- **Records for this exercise**:
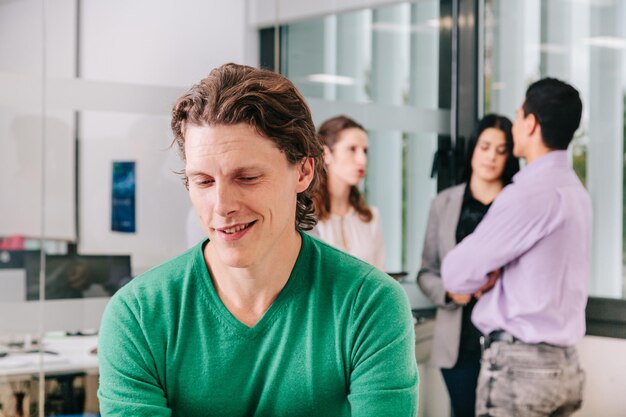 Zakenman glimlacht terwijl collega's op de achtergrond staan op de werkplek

...

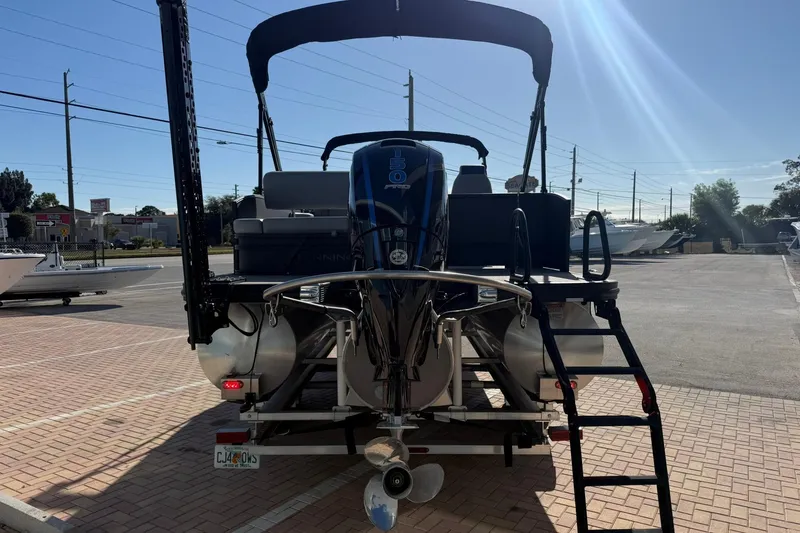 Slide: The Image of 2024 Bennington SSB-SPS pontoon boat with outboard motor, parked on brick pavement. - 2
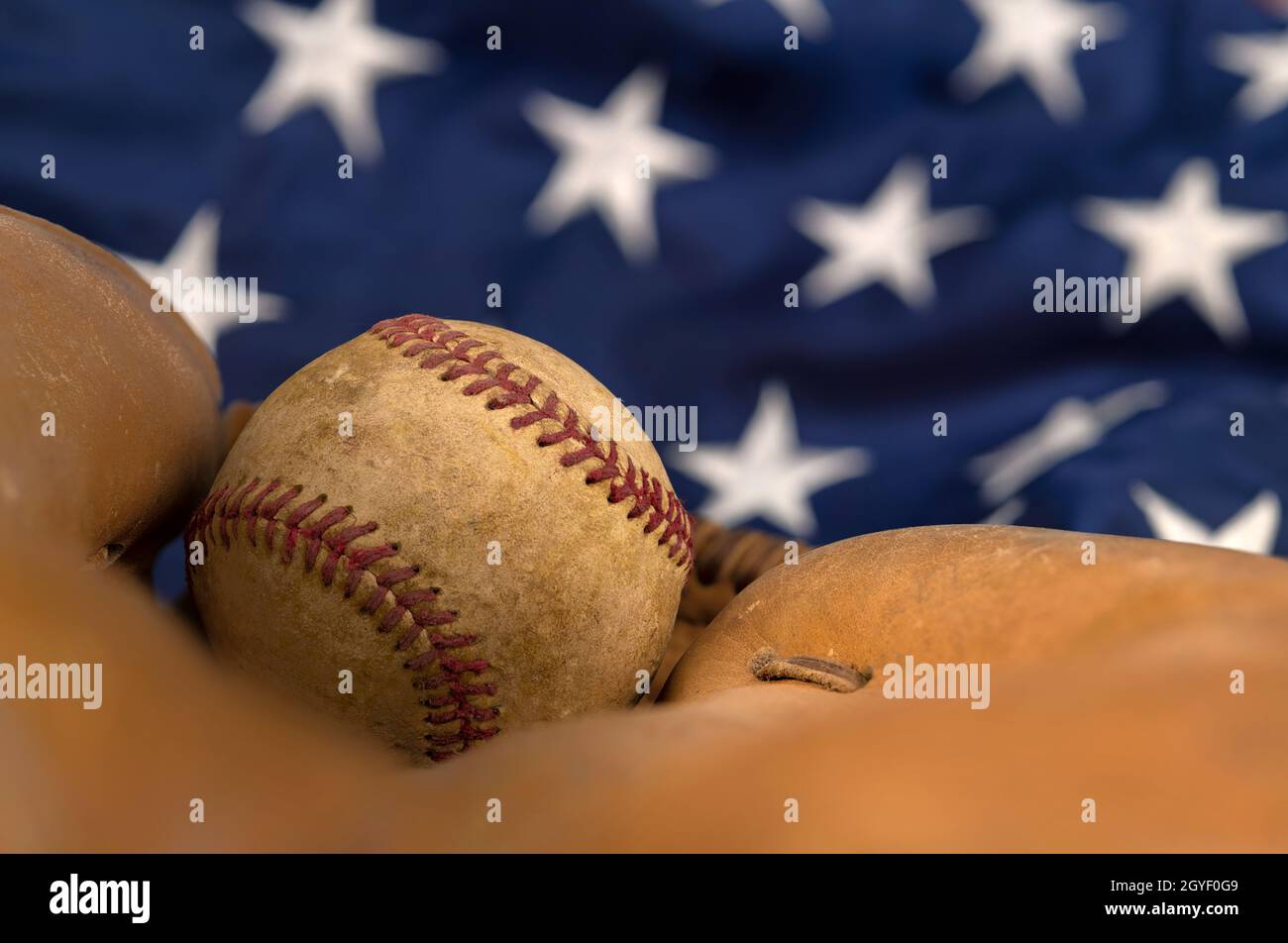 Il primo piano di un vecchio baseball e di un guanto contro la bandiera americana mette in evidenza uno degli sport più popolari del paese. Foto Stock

- **Your goal**: From the data above, return only the lines starting at the line that holds "Slide: The Image" and ending at the line that holds "Il primo piano", word for word and without pictures.

- **Result**:
 Slide: The Image of 2024 Bennington SSB-SPS pontoon boat with outboard motor, parked on brick pavement. - 2
 Il primo piano di un vecchio baseball e di un guanto contro la bandiera americana mette in evidenza uno degli sport più popolari del paese. Foto Stock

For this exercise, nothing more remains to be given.